*** Opening PROVIDED INFORMATION ***
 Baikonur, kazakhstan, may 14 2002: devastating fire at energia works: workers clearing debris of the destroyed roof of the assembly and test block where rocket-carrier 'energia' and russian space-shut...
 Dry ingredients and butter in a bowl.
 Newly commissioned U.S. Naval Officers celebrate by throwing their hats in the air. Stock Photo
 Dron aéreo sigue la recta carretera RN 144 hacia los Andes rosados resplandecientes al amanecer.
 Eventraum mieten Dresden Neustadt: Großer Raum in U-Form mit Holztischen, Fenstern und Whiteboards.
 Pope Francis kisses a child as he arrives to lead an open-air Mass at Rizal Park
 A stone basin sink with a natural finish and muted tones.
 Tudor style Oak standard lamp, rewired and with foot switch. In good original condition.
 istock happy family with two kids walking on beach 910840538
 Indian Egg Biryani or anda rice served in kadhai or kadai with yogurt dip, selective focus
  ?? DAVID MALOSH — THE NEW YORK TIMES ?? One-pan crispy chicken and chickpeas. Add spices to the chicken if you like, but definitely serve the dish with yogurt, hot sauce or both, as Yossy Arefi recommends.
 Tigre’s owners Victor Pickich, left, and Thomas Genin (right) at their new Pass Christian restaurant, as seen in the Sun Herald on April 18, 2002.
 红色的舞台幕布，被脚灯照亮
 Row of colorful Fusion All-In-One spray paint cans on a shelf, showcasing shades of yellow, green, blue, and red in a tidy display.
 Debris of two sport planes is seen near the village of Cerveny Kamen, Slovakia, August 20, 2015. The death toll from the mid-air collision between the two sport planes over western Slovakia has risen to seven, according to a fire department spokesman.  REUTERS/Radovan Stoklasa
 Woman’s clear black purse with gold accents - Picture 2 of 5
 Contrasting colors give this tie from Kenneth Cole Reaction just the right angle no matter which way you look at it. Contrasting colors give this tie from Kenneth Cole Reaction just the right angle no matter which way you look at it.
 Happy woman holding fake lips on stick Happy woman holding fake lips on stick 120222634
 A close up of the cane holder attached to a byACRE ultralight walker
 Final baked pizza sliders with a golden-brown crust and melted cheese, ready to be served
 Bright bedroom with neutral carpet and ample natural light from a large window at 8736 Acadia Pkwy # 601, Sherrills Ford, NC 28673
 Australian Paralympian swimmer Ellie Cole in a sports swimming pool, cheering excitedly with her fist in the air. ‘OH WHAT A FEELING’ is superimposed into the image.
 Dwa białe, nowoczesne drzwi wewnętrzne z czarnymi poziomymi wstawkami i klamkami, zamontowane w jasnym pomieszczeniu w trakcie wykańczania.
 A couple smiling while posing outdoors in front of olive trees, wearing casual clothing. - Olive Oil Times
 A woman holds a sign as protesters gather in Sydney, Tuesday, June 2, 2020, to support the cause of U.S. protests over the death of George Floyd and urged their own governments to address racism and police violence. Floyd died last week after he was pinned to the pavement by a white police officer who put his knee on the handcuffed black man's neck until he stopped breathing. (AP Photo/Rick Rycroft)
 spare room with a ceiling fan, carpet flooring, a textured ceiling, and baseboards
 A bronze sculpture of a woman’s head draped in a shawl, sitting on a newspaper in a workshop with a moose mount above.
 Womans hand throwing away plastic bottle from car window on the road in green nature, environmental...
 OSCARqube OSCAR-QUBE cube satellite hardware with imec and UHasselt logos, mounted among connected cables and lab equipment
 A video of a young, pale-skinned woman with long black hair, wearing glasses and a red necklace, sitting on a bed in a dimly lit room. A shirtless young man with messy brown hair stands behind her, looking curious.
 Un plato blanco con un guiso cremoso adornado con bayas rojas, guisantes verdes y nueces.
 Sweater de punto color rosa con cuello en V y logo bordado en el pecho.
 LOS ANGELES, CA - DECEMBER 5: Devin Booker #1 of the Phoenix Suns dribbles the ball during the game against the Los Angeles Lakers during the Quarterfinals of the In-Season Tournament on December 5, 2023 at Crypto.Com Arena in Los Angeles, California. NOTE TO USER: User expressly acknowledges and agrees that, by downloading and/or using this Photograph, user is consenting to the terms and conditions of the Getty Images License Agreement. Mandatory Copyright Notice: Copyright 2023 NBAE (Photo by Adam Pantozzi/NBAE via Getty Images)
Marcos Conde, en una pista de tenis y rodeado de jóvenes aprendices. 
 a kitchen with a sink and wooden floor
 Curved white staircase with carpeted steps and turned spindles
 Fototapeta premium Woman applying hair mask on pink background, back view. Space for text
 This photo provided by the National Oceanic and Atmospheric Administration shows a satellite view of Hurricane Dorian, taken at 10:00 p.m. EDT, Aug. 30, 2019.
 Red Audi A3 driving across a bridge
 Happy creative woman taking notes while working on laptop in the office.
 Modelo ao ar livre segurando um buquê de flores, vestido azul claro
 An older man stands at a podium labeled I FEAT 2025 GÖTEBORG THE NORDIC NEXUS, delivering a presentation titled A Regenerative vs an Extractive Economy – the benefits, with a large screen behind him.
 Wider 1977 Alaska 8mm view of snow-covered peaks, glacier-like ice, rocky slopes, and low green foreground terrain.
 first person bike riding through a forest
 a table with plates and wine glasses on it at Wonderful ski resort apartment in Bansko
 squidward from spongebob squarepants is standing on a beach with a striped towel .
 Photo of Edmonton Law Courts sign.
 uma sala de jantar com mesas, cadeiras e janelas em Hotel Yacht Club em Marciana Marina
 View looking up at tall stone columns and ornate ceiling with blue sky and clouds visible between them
*** Closing PROVIDED INFORMATION ***
▶ PROBLEM STATEMENT:
Only lines that include "stands" belong in the answer; return them from the entries above.

▶ YOUR RESPONSE:
 A video of a young, pale-skinned woman with long black hair, wearing glasses and a red necklace, sitting on a bed in a dimly lit room. A shirtless young man with messy brown hair stands behind her, looking curious.
 An older man stands at a podium labeled I FEAT 2025 GÖTEBORG THE NORDIC NEXUS, delivering a presentation titled A Regenerative vs an Extractive Economy – the benefits, with a large screen behind him.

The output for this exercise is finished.